Task: All lines from the one containing "Morgan Evans and" to the end of the listing below are to be reproduced exactly, and no others.

Stored data:
◇ ◇ ◇ ◇ ◇
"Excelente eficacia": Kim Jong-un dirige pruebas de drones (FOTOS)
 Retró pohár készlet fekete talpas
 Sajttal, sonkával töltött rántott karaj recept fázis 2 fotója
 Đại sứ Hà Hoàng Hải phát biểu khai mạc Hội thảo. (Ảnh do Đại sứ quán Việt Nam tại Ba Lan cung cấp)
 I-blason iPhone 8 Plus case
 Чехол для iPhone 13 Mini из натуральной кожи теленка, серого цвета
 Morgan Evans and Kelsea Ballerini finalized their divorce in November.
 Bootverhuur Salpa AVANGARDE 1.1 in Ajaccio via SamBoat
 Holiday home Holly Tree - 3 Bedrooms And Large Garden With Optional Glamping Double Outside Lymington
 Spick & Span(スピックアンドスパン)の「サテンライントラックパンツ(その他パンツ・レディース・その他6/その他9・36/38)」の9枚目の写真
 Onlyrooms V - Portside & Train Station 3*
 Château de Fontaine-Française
◇ ◇ ◇ ◇ ◇
Written answer:
 Morgan Evans and Kelsea Ballerini finalized their divorce in November.
 Bootverhuur Salpa AVANGARDE 1.1 in Ajaccio via SamBoat
 Holiday home Holly Tree - 3 Bedrooms And Large Garden With Optional Glamping Double Outside Lymington
 Spick & Span(スピックアンドスパン)の「サテンライントラックパンツ(その他パンツ・レディース・その他6/その他9・36/38)」の9枚目の写真
 Onlyrooms V - Portside & Train Station 3*
 Château de Fontaine-Française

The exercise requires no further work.